• [What you should do] Output every record word for word, minus the pictures.

• [Dataset extract]
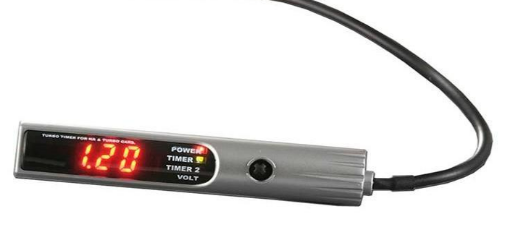 Billede af Autogauge - Turbotimer - Til med og uden turbo - GREY - LAGERSALG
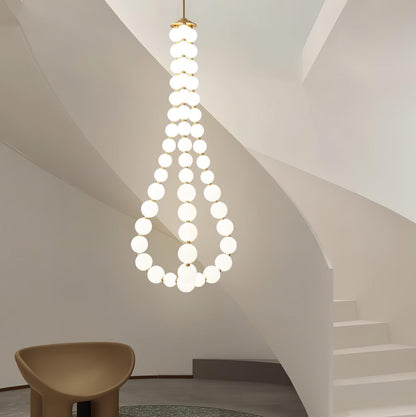 Glass Pearl Necklace Chandelier Chandelier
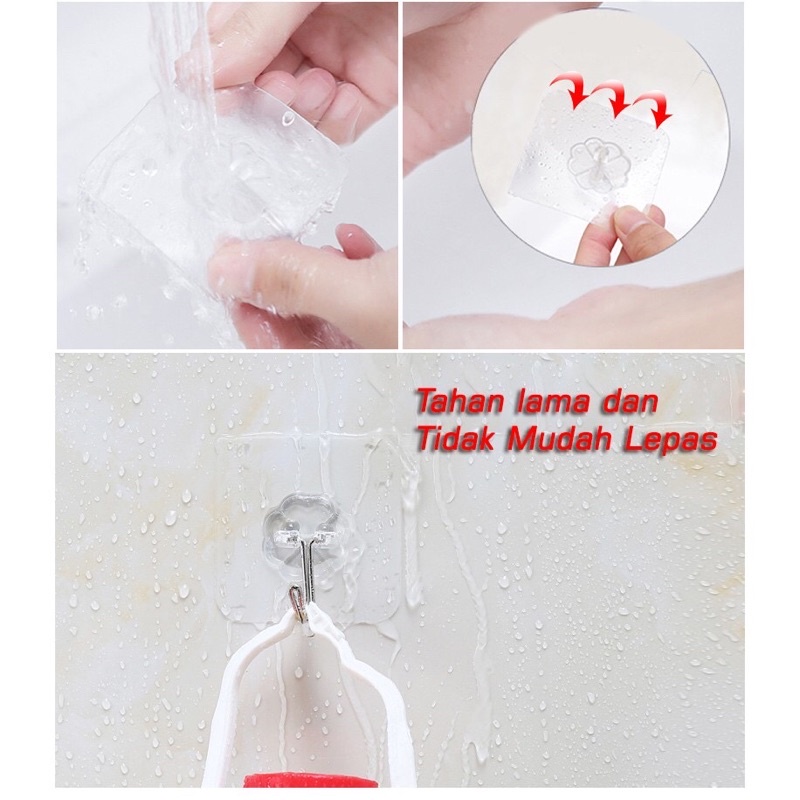 GANTUNGAN TEMPEL HOOK AJAIB GANTUNGAN DINDING KAIT MAGIC SERBAGUNA KAMAR MANDI DAPUR / HANGER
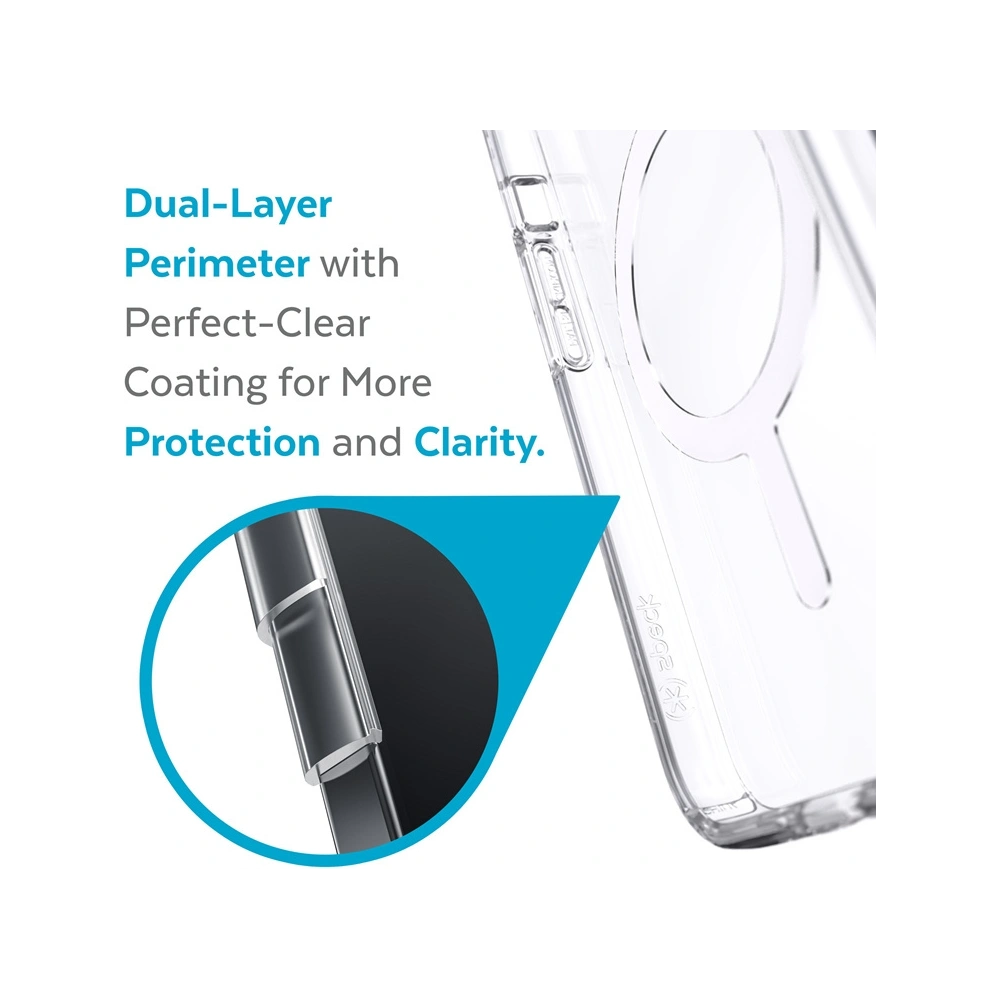 Hurtownia GSM - Etui Speck Presidio Perfect-Clear MagSafe MICROBAN Apple iPhone 13 mini (Průhledné) - SPK238CL - {ean13} - Hurt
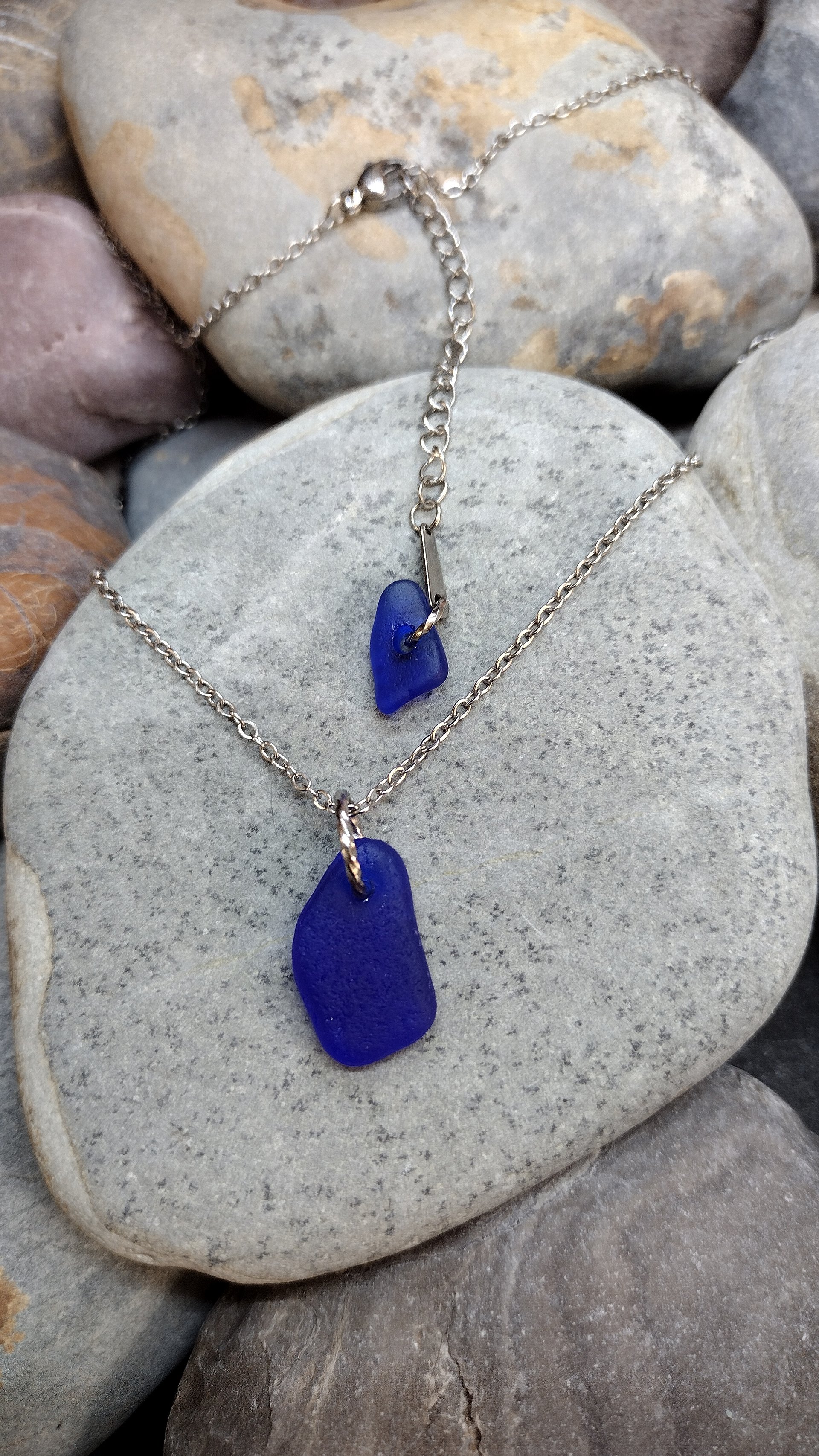 Sea glass necklace product image (1)
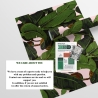 Papel tapiz floral jungla para sala de estar Hojas de Banano Rosa Elección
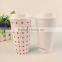 Custom Printing Reusable Starbucks Plastic Coffee Cup with Lid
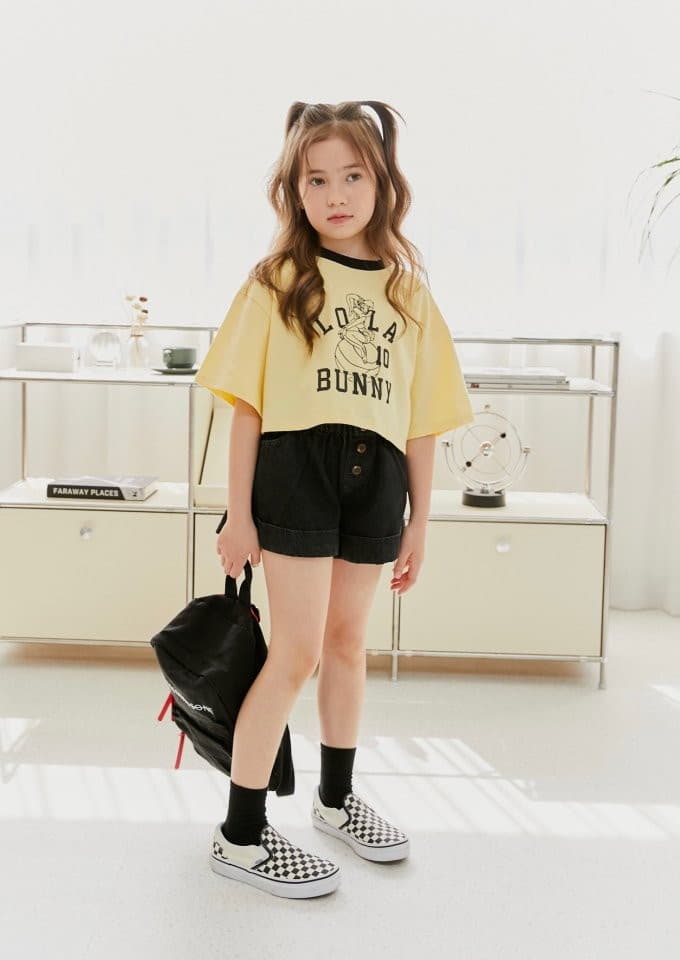 Dore Dore - Korean Children Fashion - #kidsshorts - Bunny Crop Tee - 7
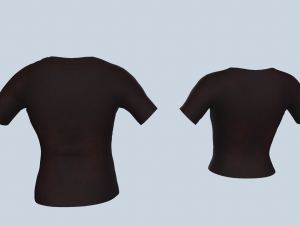 T-shirt Modelo 3D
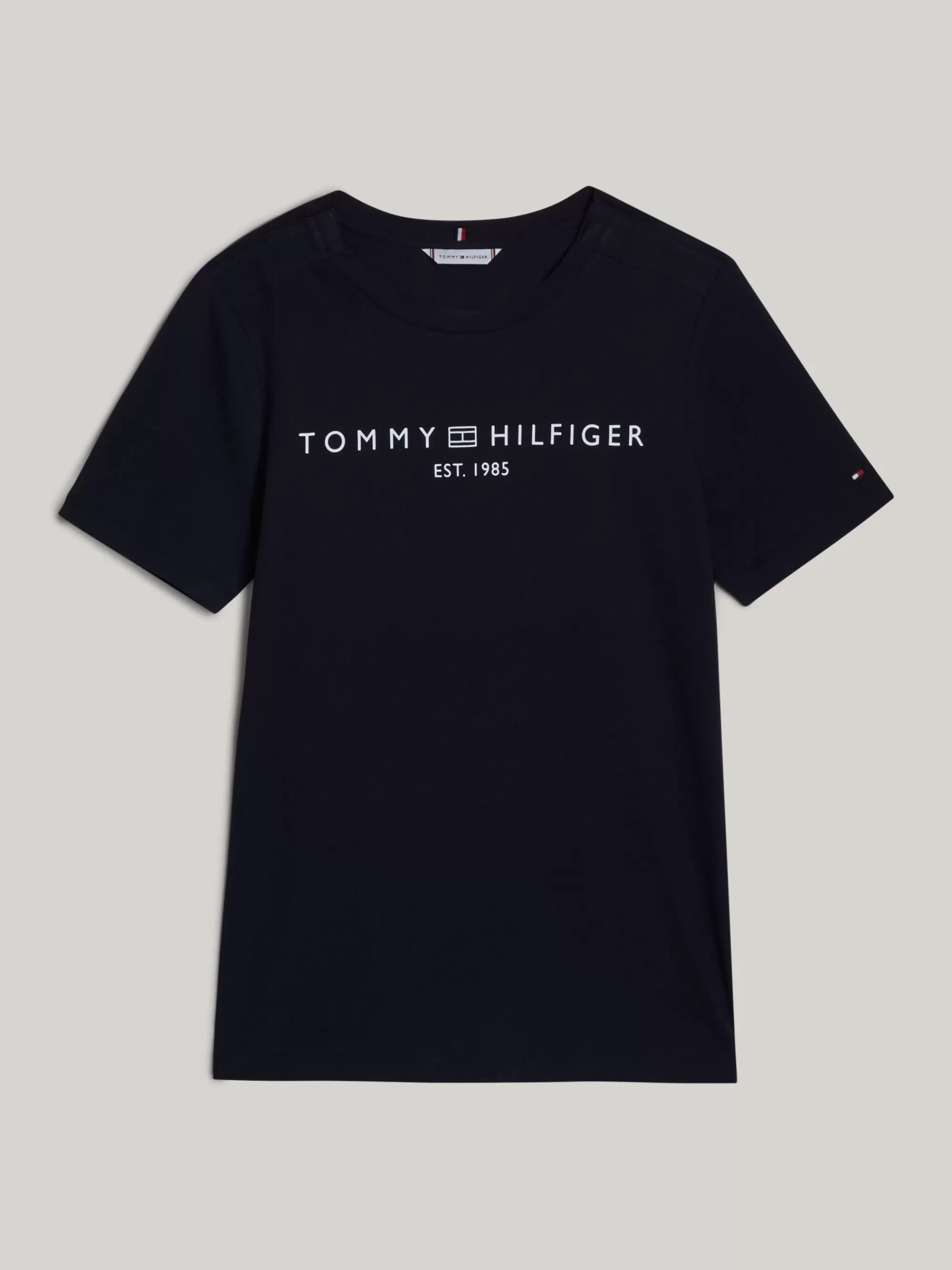 Tommy Adaptive | T-Shirts*Tommy Hilfiger Adaptive T-shirt Met Ronde Hals En Logo DESERT SKY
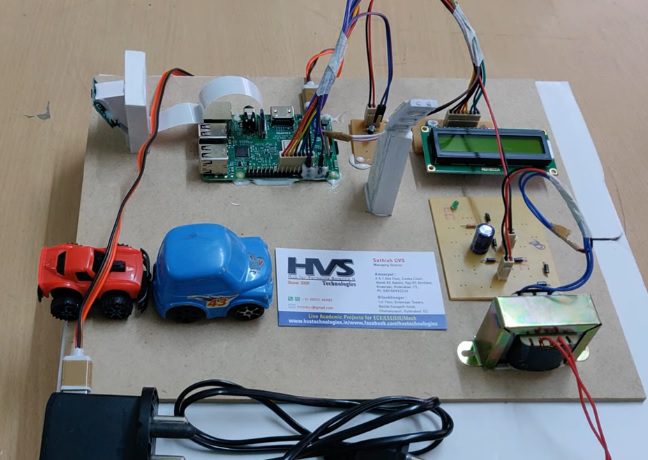HVS-3127. Street Light Controlling with Image Processing using Raspberry pi.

• [Your response]
 Billede af Autogauge - Turbotimer - Til med og uden turbo - GREY - LAGERSALG
 Glass Pearl Necklace Chandelier Chandelier
 GANTUNGAN TEMPEL HOOK AJAIB GANTUNGAN DINDING KAIT MAGIC SERBAGUNA KAMAR MANDI DAPUR / HANGER
 Hurtownia GSM - Etui Speck Presidio Perfect-Clear MagSafe MICROBAN Apple iPhone 13 mini (Průhledné) - SPK238CL - {ean13} - Hurt
 Sea glass necklace product image (1)
 Papel tapiz floral jungla para sala de estar Hojas de Banano Rosa Elección
 Custom Printing Reusable Starbucks Plastic Coffee Cup with Lid
 Dore Dore - Korean Children Fashion - #kidsshorts - Bunny Crop Tee - 7
 T-shirt Modelo 3D
 Tommy Adaptive | T-Shirts*Tommy Hilfiger Adaptive T-shirt Met Ronde Hals En Logo DESERT SKY
HVS-3127. Street Light Controlling with Image Processing using Raspberry pi.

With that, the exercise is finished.